Il risveglio del pendolo

Livia Nascimben

  19-03-2007
 

Avevo 8 anni e giocavo con le bambole. Ero una madre responsabile verso le mie bambine, un adulto che ama e protegge, che punisce e poi abbraccia. Ed ero le mie bambole: la bambina disubbidiente che faceva di tutto per essere amata, che rubava dal portafoglio della mamma e fingeva di essere fortunata nel trovare 1000 £ per la strada; e la bambina brava a scuola e nello sport, amabile per le sue qualità.

Avevo 13 anni e mi guardavo attorno: i corpi in trasformazione, i maschi, il mondo, i ragazzi di 18 anni che uscivano in gruppo senza genitori al seguito, che andavano a ballare, che lavoravano e il sogno ad occhi aperti di essere già là.

Avevo più o meno 16 anni e i conti non mi tornavano: i miei coetanei erano in perenne conflitto con i propri genitori mentre io a casa stavo bene, loro facevano carte false pur di uscire con gli amici mentre io ero felice di fare compagnia a mio nonno.
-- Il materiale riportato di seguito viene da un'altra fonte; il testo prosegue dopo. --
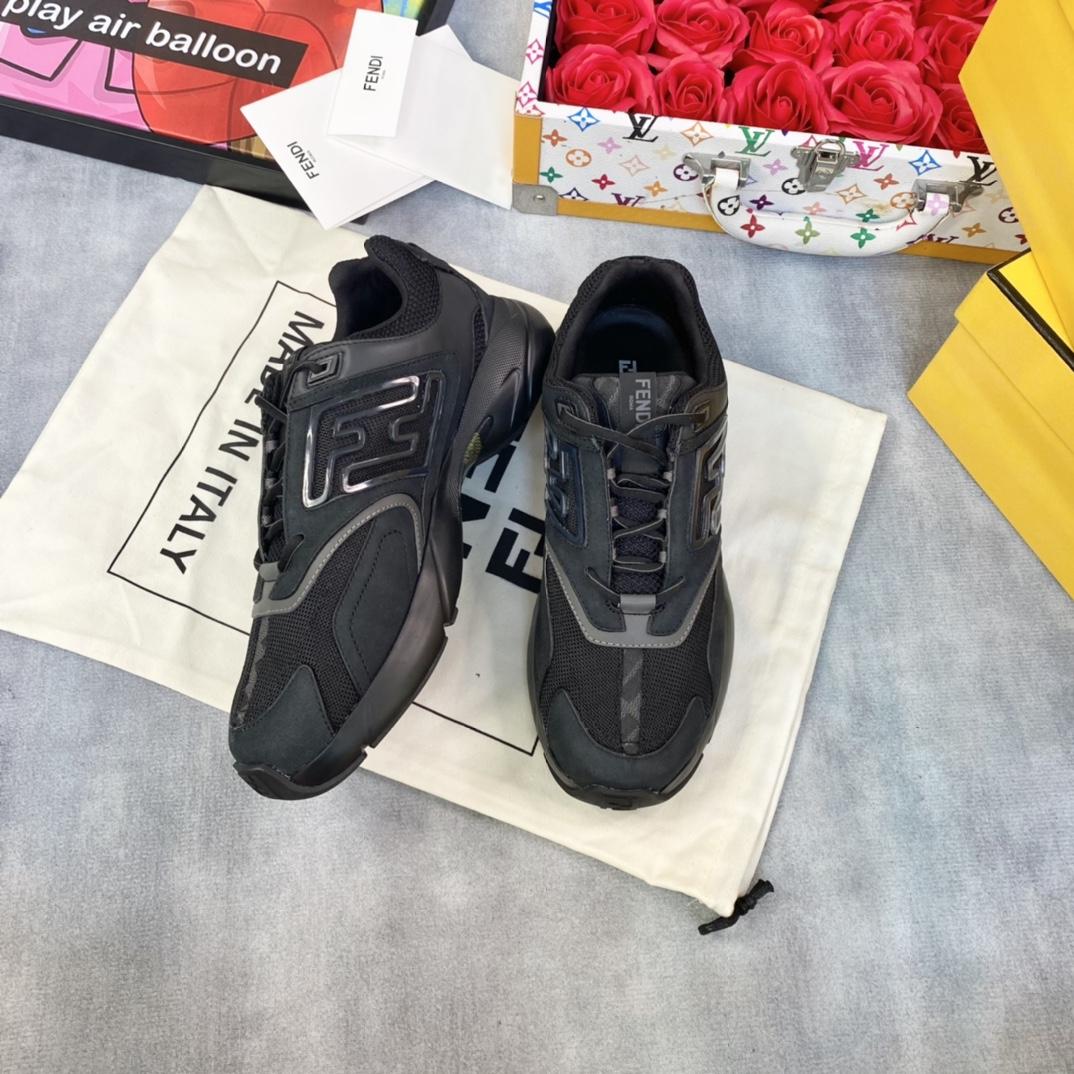 Fendi Faster Trainers Black Nubuck Leather Low-tops Sneakers - DopestKickz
Avevamo la stessa età ma i nostri linguaggi erano diversi, doveva esserci una sola spiegazione: ero speciale, ero già matura!

Avevo 20 anni e mi sentivo immobile, indosso un’armatura di silenzio impenetrabile, ai piedi le zavorre di aspirazioni tradite; il sogno di diventare una persona competente e con una ricca rete di amici trasformato in delusione e rabbia. Speravo nella fase successiva, quella del giovane adulto, ma sapevo che avevo poco da illudermi: anche i bambini hanno sperimentato che non c’è fiore se dal seme non è cresciuta nessuna pianta!
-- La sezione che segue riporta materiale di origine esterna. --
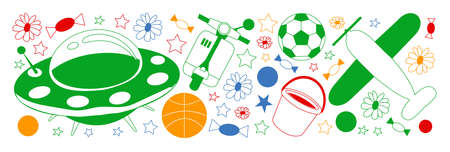 Kindergarten pattern with little children and toys. Creativity and imagination.のイラスト素材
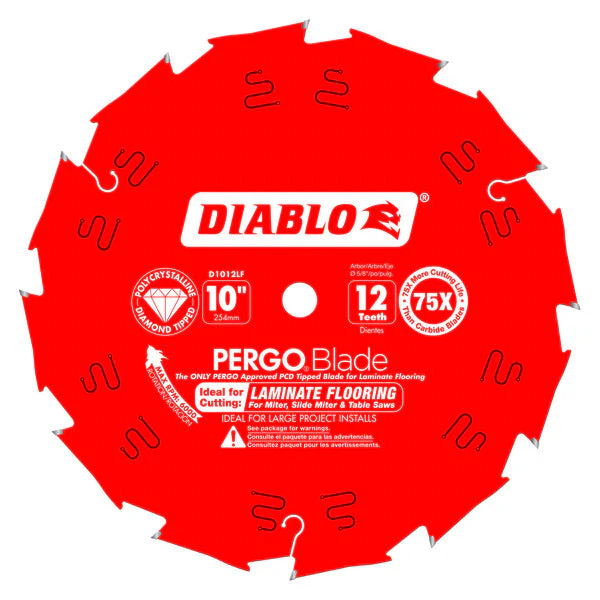 Diablo D1012LF 10" x 12-Teeth PergoBlade™ Saw Blade for Laminate and Wood Flooring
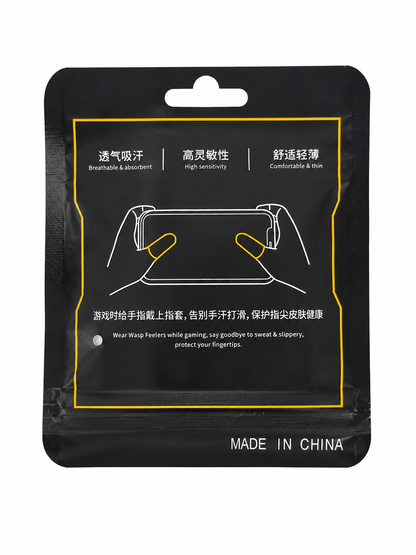 Funda protectora para dedales táctiles de gaming en color negro.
Di anni poi ne ho avuti 22 e poi 23 e 24, nell’abisso in cui mi sentivo l’unica parvenza di vita me la dava il senso di onnipotenza: come per il gioco con le bambole, io ero chi mangia e chi viene mangiato, chi trasgredisce e chi punisce, chi ferisce e chi tenta di riparare, un regista con il blocco della fantasia e un attore costretto a recitare un solo copione e timoroso di cambiare. Solo che non era più il gioco spensierato di un pomeriggio, era la mia vita e non prevedeva nessun altro all’infuori di me.
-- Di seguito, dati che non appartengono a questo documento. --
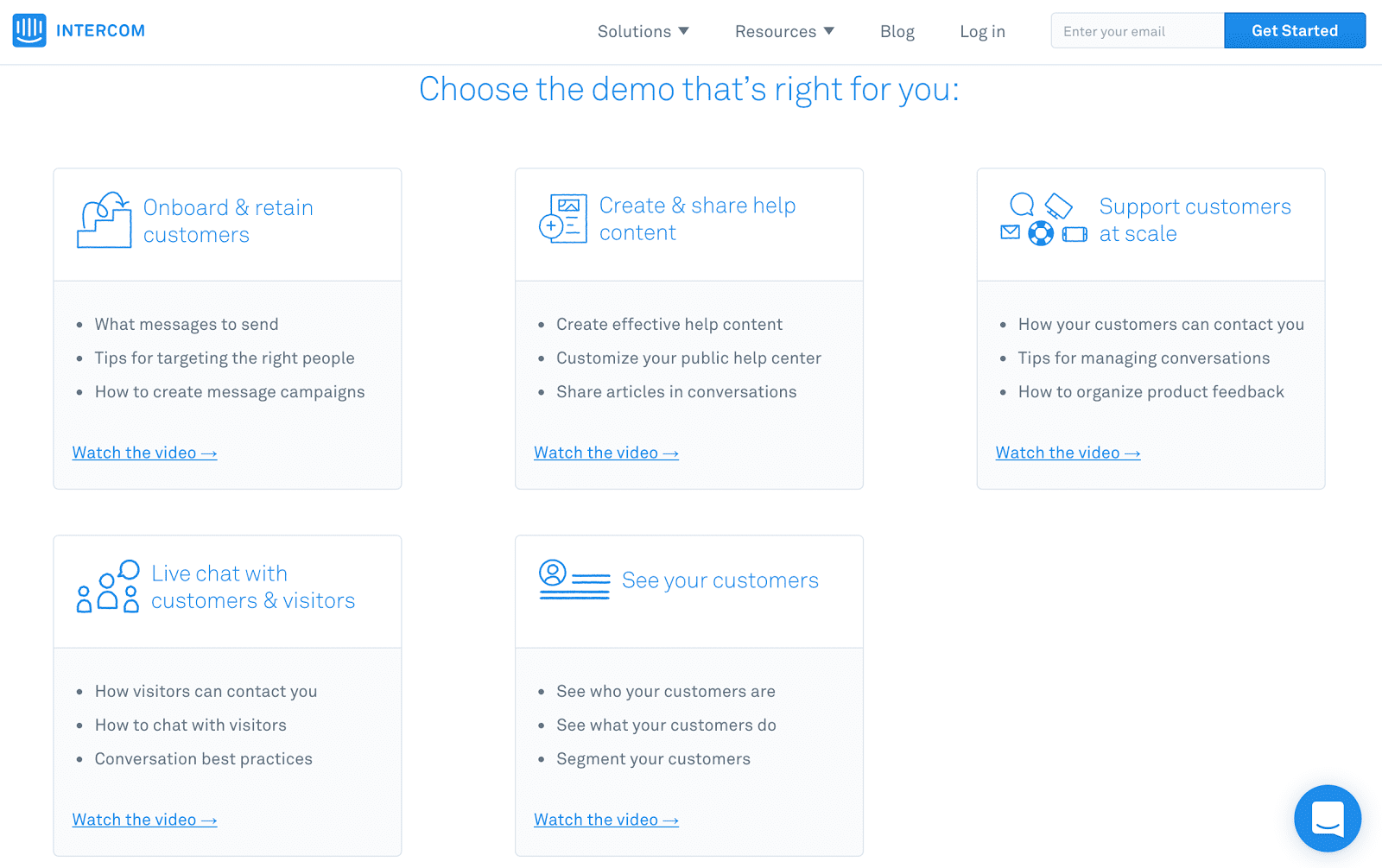 Intercom’s landing page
Oggi ho quasi 30 anni, sono vicina alla laurea, in ritardo rispetto alle previsioni ma orgogliosa di essere prossima al traguardo, ho scoperto la passione per la fotografia, e con gli amici che ho sto costruendo il futuro. I miei genitori quest’anno sono tornati tra i banchi di scuola, mia madre studia inglese ed è partita dall’alfabeto, mio padre che ha passato una vita in banca ora fa un corso sulla comunicazione sociale. Il tempo è ripartito e, anche se non ho più 16 anni, posso dire a gran voce che sto diventando grande anch’io!